Stereo vision makes construction vehicles safer
Owners and operators of large construction and mining vehicles must ensure that their machines work effectively without injuring on-site personnel. Because the machines are often very large, it may be difficult for an operator to visualize how specific aspects of the machine are performing or whether on-site personnel have been placed in danger.
A number of companies are now employing machine-vision systems to both prevent unsafe operation of the equipment while at the same time ensuring workers’ safety.
Ten years ago, for example, Motion Metrics (Vancouver, BC, Canada; www.motionmetrics.com) in collaboration with Alberta Research Council (Edmonton, AB, Canada) developed an embedded, intelligent, single-camera machine-vision system to detect missing bucket teeth on large excavators (see “Vision system detects missing shovel teeth,” Vision Systems Design, October 2001).
Since the teeth are manufactured from hardened steel, lost or broken teeth can cause serious damage to associated machinery in the downstream processing plant. Real-time monitoring of the bucket is then used to dynamically warn the operator of any tooth loss and thus ensure that no downstream damage can occur.

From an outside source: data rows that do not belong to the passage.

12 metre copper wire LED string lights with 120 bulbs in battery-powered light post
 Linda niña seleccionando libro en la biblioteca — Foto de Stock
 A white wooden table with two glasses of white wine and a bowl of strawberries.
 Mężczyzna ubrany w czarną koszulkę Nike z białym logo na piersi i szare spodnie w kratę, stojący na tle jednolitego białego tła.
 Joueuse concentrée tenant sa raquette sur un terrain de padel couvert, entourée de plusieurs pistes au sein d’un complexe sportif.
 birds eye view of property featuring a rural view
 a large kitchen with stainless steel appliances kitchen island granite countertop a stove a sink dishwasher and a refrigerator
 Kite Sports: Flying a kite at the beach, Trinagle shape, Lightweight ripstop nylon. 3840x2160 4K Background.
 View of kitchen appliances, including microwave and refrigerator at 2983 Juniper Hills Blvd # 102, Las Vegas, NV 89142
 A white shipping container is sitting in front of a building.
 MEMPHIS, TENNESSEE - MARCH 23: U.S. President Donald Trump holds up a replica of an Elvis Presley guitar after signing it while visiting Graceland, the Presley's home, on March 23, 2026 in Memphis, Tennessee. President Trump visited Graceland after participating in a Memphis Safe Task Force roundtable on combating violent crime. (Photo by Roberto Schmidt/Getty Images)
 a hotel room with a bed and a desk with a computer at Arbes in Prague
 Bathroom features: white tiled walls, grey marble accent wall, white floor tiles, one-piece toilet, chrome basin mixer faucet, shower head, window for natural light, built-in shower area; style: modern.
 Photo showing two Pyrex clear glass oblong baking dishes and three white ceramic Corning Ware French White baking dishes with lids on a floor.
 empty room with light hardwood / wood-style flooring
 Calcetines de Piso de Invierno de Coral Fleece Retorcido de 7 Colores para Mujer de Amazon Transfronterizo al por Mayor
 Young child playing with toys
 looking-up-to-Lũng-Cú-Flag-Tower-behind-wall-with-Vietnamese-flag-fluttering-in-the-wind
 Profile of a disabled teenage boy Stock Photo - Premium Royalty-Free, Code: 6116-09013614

Now, designers at Arcure (Orsay, France; www.arcure.net) have taken this concept one step further, developing a 3-D system known as Blaxtair that can detect workers that may be in unsafe range of heavy machinery (see figure). Designed to be mounted on the rear or sides of large construction vehicles, the system can automatically alert an operator to any human shape in close proximity to the machine.
Rather than use time-of-flight or structured-light methods to perform the 3-D imaging, Arcure has chosen instead to take a more conventional approach, developing the Blaxtair unit with dual Blue Cougar X GigE Vision cameras from Matrix Vision (Oppenweiler, Germany; www.matrix-vision.com).
“Because it was necessary to mount the Blaxtair camera unit at some distance from the control unit located in the cabin,” says Patrick Mansuy, president of Arcure, “the system required the flexible, low-cost interface provided by the GigE interface of the Blue Cougar cameras.”
Perhaps more important, operating the camera systems in outdoor environments demands automatic control of both automatic gain and auto-exposure and a system in which these parameters can be synchronized between two cameras. “This was possible since both the automatic gain and auto-exposure of the HDR WVGA CMOS imagers from Aptina [San Jose, CA, USA; www.aptina.com] used in each of the Blue Cougar X cameras can be dynamically adjusted and synchronized over the GigE interface,” says Mansuy. By fitting these cameras with a short-focal-length S-mount lens, a large stereo field of view can be obtained.
Like most dual-camera stereo systems, the Blaxtair system uses the principle of epipolar geometry to generate 3-D images from the two calibrated stereo image pairs. After the two images are transmitted to a host PC in the cabin of the construction vehicle, epipolar geometry is used to recreate a 3-D scene.
For the system to understand the shape and orientation of objects within this scene, Arcure licensed a patented algorithm originally developed by researchers at the French Alternative Energies and Atomic Energy Commission (CEA; Gif-sur-yvette, France; www.cea.fr).
In operation, this algorithm can be programmed to scan the 3-D data and determine whether a human shape is in a specified range of the 3-D camera. If an obstacle is detected, the system can then flag a warning to the operator within 300 ms of the occurrence.
According to Mansuy, the system is currently being field tested by two very large French construction companies on different types of construction vehicles.